## What this task involves
Though the entries contain pictures, the copy you make should hold only the rest, exactly as written.

## Raw data

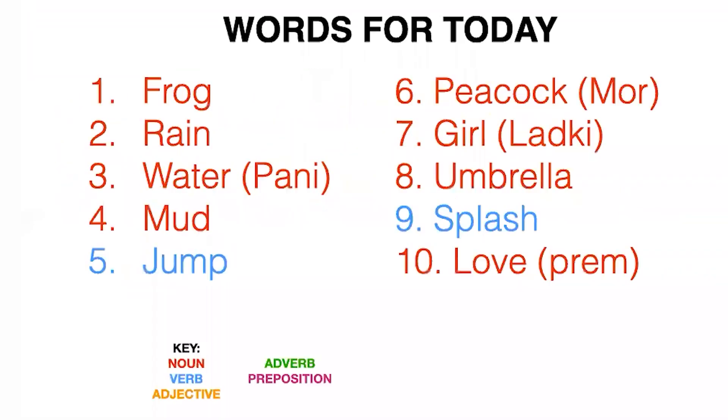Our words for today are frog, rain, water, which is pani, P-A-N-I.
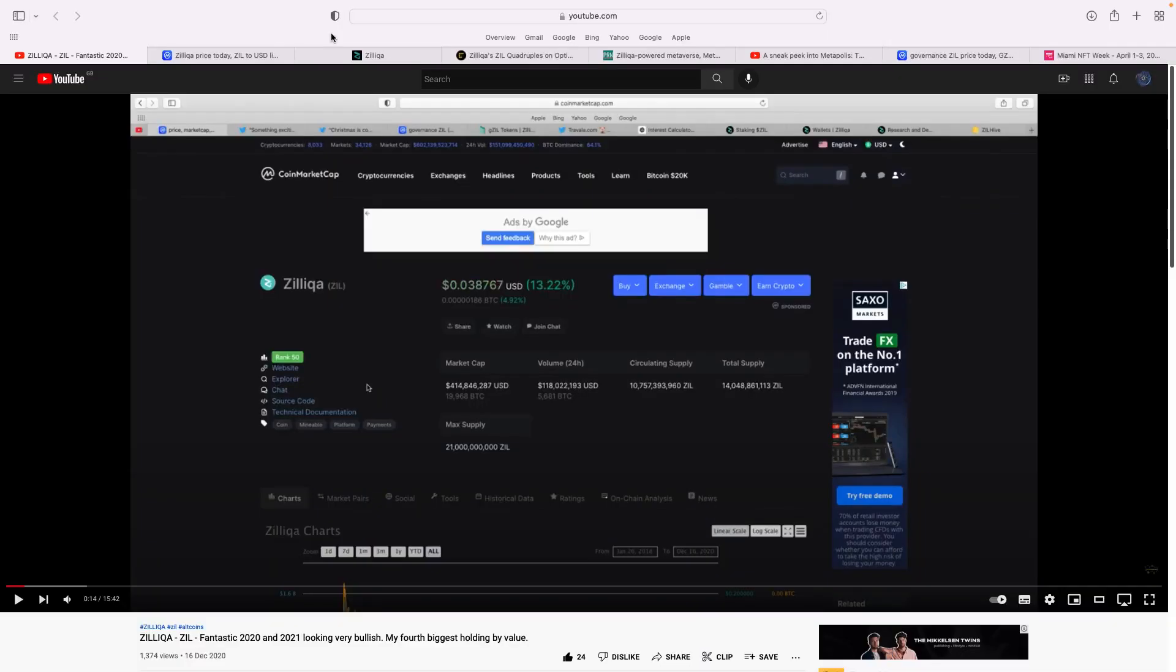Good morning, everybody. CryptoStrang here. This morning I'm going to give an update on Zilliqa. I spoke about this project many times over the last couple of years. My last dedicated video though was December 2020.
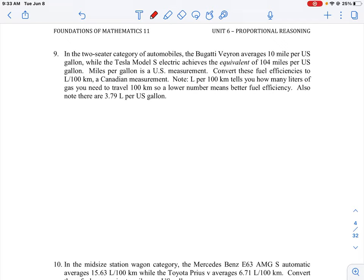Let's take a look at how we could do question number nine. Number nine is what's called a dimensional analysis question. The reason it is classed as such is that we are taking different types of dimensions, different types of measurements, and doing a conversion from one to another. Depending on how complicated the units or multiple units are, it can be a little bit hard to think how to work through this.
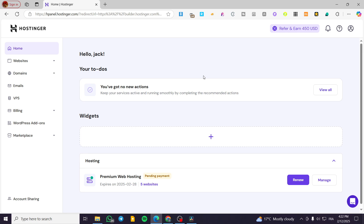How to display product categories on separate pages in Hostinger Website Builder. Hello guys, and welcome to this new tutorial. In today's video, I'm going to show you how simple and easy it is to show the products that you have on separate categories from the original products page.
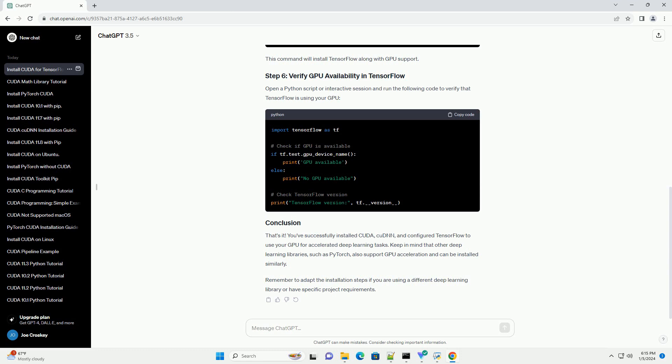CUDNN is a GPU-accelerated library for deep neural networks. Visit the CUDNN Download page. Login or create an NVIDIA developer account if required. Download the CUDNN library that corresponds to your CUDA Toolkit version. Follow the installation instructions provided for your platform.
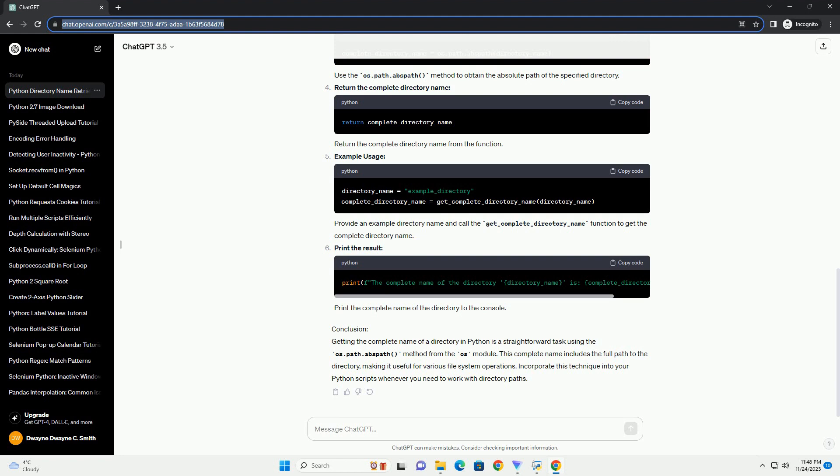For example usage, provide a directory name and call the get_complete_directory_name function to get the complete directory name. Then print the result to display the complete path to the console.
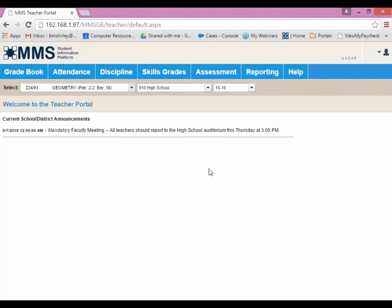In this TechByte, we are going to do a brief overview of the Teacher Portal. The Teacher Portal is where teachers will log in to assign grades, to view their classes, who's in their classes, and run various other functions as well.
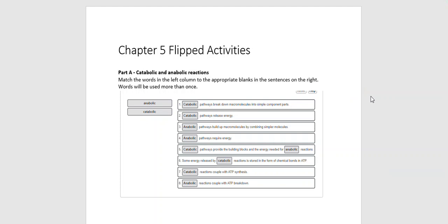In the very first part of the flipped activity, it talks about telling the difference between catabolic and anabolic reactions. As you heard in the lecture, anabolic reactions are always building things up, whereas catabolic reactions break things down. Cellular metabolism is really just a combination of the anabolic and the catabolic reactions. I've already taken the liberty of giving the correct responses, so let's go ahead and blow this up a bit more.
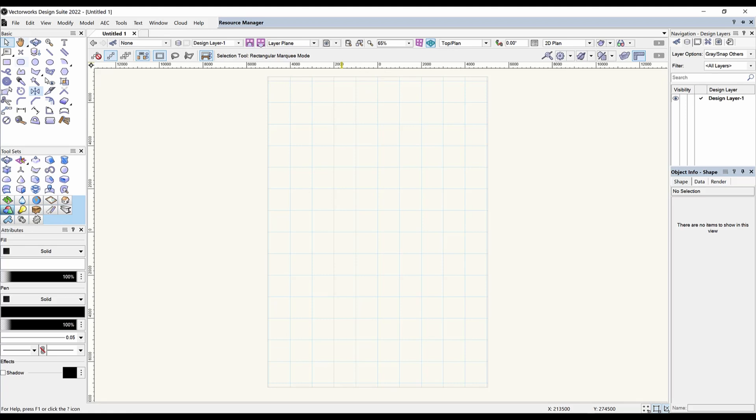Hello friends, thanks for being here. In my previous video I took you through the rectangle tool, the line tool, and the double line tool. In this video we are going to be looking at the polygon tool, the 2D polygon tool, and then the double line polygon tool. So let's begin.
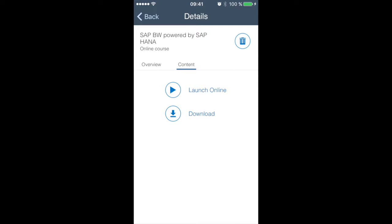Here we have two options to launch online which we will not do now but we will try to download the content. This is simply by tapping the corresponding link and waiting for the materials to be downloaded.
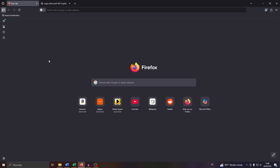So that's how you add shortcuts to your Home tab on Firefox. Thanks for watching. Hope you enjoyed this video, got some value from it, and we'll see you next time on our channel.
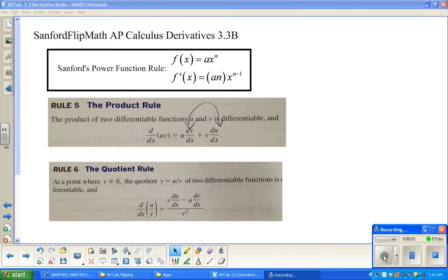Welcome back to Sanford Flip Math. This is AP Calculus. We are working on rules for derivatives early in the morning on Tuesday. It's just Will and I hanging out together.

## Answer
Our words for today are frog, rain, water, which is pani, P-A-N-I.
Good morning, everybody. CryptoStrang here. This morning I'm going to give an update on Zilliqa. I spoke about this project many times over the last couple of years. My last dedicated video though was December 2020.
Let's take a look at how we could do question number nine. Number nine is what's called a dimensional analysis question. The reason it is classed as such is that we are taking different types of dimensions, different types of measurements, and doing a conversion from one to another. Depending on how complicated the units or multiple units are, it can be a little bit hard to think how to work through this.
How to display product categories on separate pages in Hostinger Website Builder. Hello guys, and welcome to this new tutorial. In today's video, I'm going to show you how simple and easy it is to show the products that you have on separate categories from the original products page.
CUDNN is a GPU-accelerated library for deep neural networks. Visit the CUDNN Download page. Login or create an NVIDIA developer account if required. Download the CUDNN library that corresponds to your CUDA Toolkit version. Follow the installation instructions provided for your platform.
For example usage, provide a directory name and call the get_complete_directory_name function to get the complete directory name. Then print the result to display the complete path to the console.
In this TechByte, we are going to do a brief overview of the Teacher Portal. The Teacher Portal is where teachers will log in to assign grades, to view their classes, who's in their classes, and run various other functions as well.
In the very first part of the flipped activity, it talks about telling the difference between catabolic and anabolic reactions. As you heard in the lecture, anabolic reactions are always building things up, whereas catabolic reactions break things down. Cellular metabolism is really just a combination of the anabolic and the catabolic reactions. I've already taken the liberty of giving the correct responses, so let's go ahead and blow this up a bit more.
Hello friends, thanks for being here. In my previous video I took you through the rectangle tool, the line tool, and the double line tool. In this video we are going to be looking at the polygon tool, the 2D polygon tool, and then the double line polygon tool. So let's begin.
Here we have two options to launch online which we will not do now but we will try to download the content. This is simply by tapping the corresponding link and waiting for the materials to be downloaded.
So that's how you add shortcuts to your Home tab on Firefox. Thanks for watching. Hope you enjoyed this video, got some value from it, and we'll see you next time on our channel.
Welcome back to Sanford Flip Math. This is AP Calculus. We are working on rules for derivatives early in the morning on Tuesday. It's just Will and I hanging out together.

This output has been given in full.